Teraz napiszę jak się sprawuje mój EX1 , lift SPOA , a już za 3 miechy będzie rok jak takim pomykam. :-P
Jazda z początku była trochę niepewna , a to dlatego że odnosiłem wrażenie że zrobił się dużo szerszy .
Bujanie występuje tylko gdy jedzie się po bardzo nierównym poboczy ( np. prawa strona ) , w tym wypadku to zwalniam do 80 km/godz. poza tym nie ma problemów , a mam jeszcze w planie zamontować amortyzator skrętu , choć nie jest niezbędny , nie szarpie mi kierownicą (w celu ochrony przekładni kierowniczej).
Jazda z prędkością 160 po autostradzie nie jest problemem , być może mam jeszcze bardzo dobre amorki, ( w tej chwili to już tylko 140 max ze względu na daszek nad przednią szybą ) , wchodzenie w zakręty z prędkością np. 80 też nie jest wielkim wyczynem , autko prowadzi się bardzo dobrze , nie będe porównywał przed liftem a po z powodu takiego że wraz z liftem zmieniłem felgi (ET -25) i dużo szersze opony.

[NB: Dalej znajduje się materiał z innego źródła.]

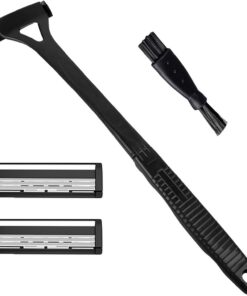 Back Shaver, Body Groomer for Men, Ergonomic Handle Design, Interactive Protective Mesh Cutter, Manscaping Tool, Ideal para Wet Dry Shaving and Sensitive Skin Care 10,83 x 3,19 pulgadas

W sumie mam to co chciałem mieć ( za wyjątkiem v8) , czyli wygodna limuzyna na autostrady i podróżowania oraz autko które bardzo dobrze radzi sobie w trudnym terenie , nie boję się już że zawadzę o jakis kamień czy korzeń .

Więc tak jak napisał Rad-T artykuł zlecono więc napisano , a liftować z głową .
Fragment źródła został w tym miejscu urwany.